Exception in thread "main" java.lang.NullPointerException
        at com.aliyun.emr.rss.service.deploy.worker.DeviceInfo$.$anonfun$getDeviceAndMountInfos$4(DeviceInfo.scala:123)
        at scala.collection.Iterator.foreach(Iterator.scala:941)
        at scala.collection.Iterator.foreach$(Iterator.scala:941)
        at scala.collection.AbstractIterator.foreach(Iterator.scala:1429)
        at scala.collection.IterableLike.foreach(IterableLike.scala:74)
        at scala.collection.IterableLike.foreach$(IterableLike.scala:73)
        at scala.collection.AbstractIterable.foreach(Iterable.scala:56)
        at com.aliyun.emr.rss.service.deploy.worker.DeviceInfo$.getDeviceAndMountInfos(DeviceInfo.scala:120)
        at com.aliyun.emr.rss.service.deploy.worker.LocalDeviceMonitor.init(DeviceMonitor.scala:174)
        at com.aliyun.emr.rss.service.deploy.worker.DeviceMonitor$.createDeviceMonitor(DeviceMonitor.scala:266)
        at com.aliyun.emr.rss.service.deploy.worker.LocalStorageManager.<init>(LocalStorageManager.scala:199)
        at com.aliyun.emr.rss.service.deploy.worker.Worker.<init>(Worker.scala:74)
        at com.aliyun.emr.rss.service.deploy.worker.Worker$.main(Worker.scala:960)
        at com.aliyun.emr.rss.service.deploy.worker.Worker.main(Worker.scala)

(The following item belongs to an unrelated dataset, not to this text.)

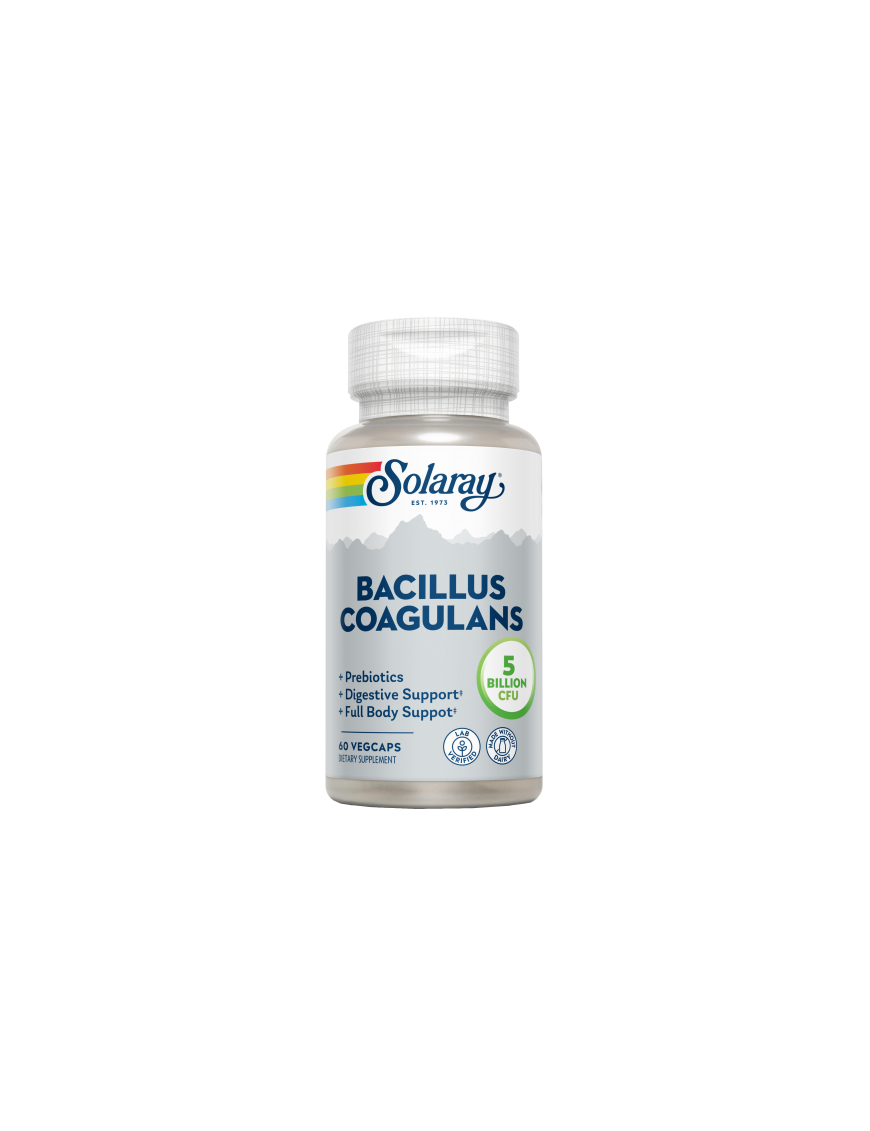 Bacillus Coagulans 60 VegCaps - Solaray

尝试了很多目录(rss.worker.base.dirs),包括/dev/shm,获取设备信息报错。但是在阿里云ECS上没有问题,感觉是公司虚拟机磁盘的问题,有简单的检测办法么?

/cc @who-need-to-know

/assign @who-can-help-you

FMX commented 2 years ago

@fuhaiq 你好,RSS 会使用 rss.worker.base.dirs 配置的目录作为base,默认会加上 16 个子目录。 这里会检查磁盘状态,通过 /sys/block/ 目录下同名的 device Name 检查。 对于非标准环境来说,你可以考虑先配置 rss.device.monitor.enabled 为 false。

详情参见 DeviceInfo 类中的代码,可能是这里不支持你的虚拟机磁盘配置。

同时你可以考虑把 df 命令的结果贴上来。